▽
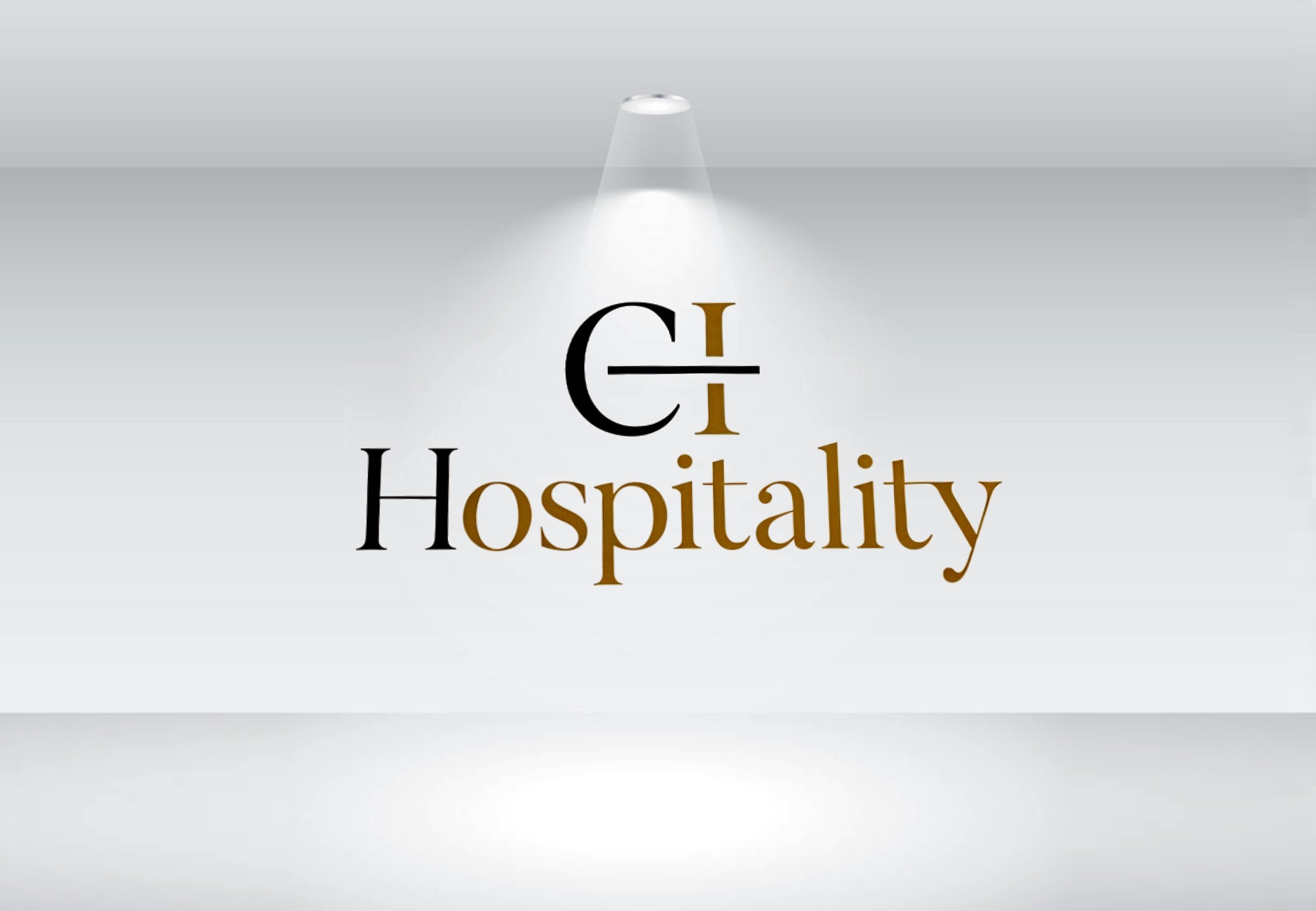 Logo Design by GraphiqueLab for this project | Design #36787337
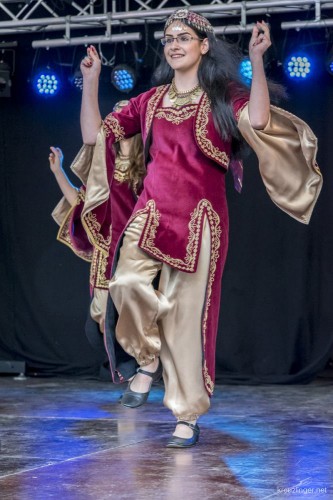 160528 1244 - Chrüzlinger Fäscht - fototscharner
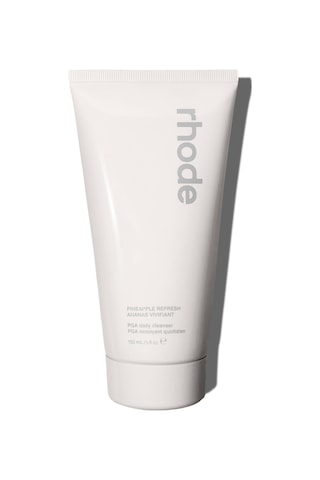 Rhode Pineapple Refresh Günlük Yüz Temizleme Balmı 150ml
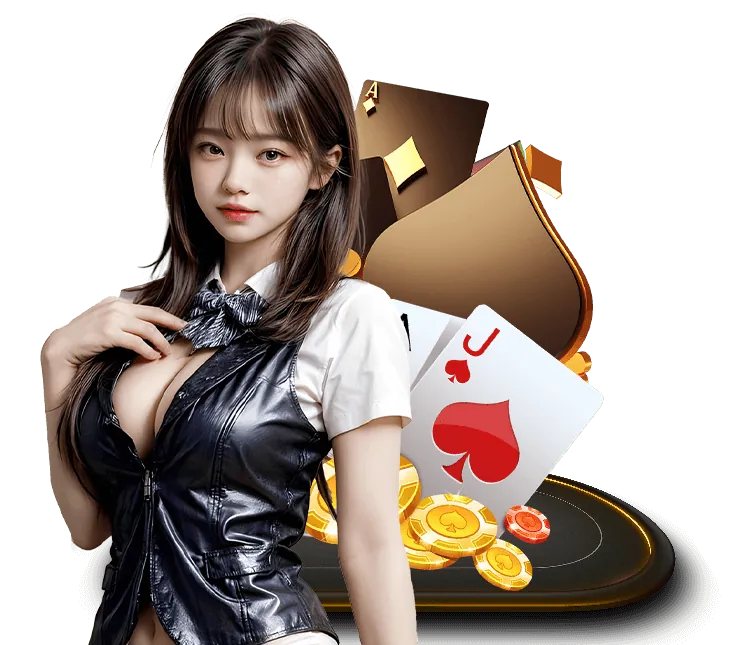 Chương Trình VIP Casino 123b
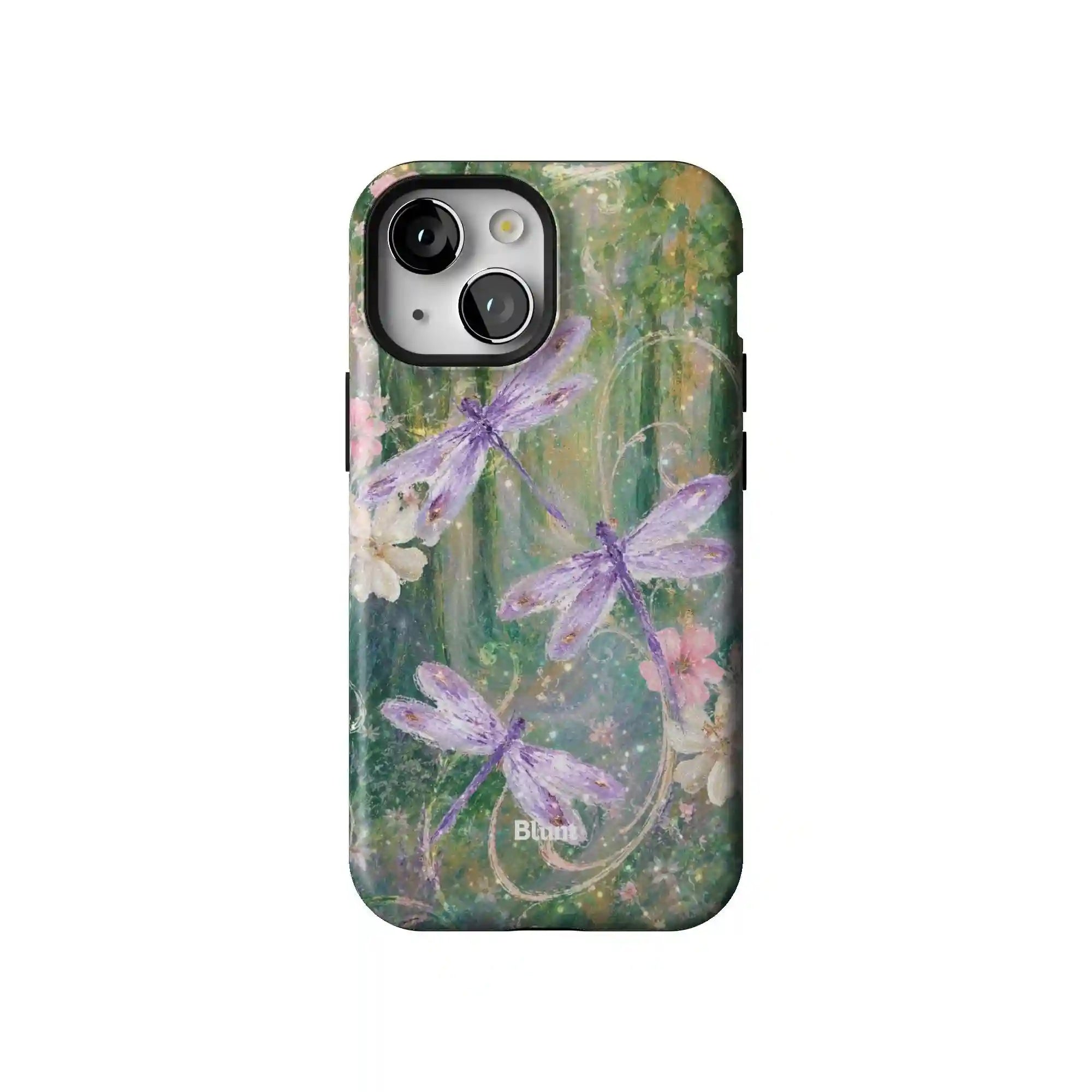 bluntcasesus.it.com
△
Everything from the line with "Rhode Pineapple Refresh" through the last line of the listing above is to be copied exactly, both ends included, except the pictures.

 Rhode Pineapple Refresh Günlük Yüz Temizleme Balmı 150ml
 Chương Trình VIP Casino 123b
 bluntcasesus.it.com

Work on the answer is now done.